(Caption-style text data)
# # # #

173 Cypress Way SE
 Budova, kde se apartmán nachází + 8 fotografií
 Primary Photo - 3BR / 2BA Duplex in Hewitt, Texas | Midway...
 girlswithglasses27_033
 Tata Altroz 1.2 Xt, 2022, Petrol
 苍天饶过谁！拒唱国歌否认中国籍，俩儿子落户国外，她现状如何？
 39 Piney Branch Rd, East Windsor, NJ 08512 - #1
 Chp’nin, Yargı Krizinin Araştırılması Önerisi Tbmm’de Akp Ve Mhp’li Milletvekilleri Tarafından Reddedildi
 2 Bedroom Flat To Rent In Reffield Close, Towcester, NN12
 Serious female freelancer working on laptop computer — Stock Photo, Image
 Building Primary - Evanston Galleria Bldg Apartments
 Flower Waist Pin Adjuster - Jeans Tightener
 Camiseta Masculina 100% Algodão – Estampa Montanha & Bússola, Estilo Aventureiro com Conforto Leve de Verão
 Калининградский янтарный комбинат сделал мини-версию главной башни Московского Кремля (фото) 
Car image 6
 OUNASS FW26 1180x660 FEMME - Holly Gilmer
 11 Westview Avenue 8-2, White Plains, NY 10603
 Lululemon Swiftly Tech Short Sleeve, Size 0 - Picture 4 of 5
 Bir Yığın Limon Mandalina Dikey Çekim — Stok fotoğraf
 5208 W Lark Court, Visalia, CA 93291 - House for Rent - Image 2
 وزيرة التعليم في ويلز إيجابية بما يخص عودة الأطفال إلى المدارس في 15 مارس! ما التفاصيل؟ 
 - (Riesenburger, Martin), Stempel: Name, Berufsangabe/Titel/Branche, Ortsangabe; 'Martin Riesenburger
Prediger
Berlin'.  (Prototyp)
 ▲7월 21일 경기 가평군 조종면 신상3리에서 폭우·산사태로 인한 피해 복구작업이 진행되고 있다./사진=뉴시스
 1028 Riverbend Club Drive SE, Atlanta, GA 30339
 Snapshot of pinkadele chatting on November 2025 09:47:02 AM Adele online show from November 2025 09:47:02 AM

# # # #

**PROBLEM DESCRIPTION:** Find each line of the data above that holds the word "Rent", then copy it.

**WRITTEN SOLUTION:**
 2 Bedroom Flat To Rent In Reffield Close, Towcester, NN12
 5208 W Lark Court, Visalia, CA 93291 - House for Rent - Image 2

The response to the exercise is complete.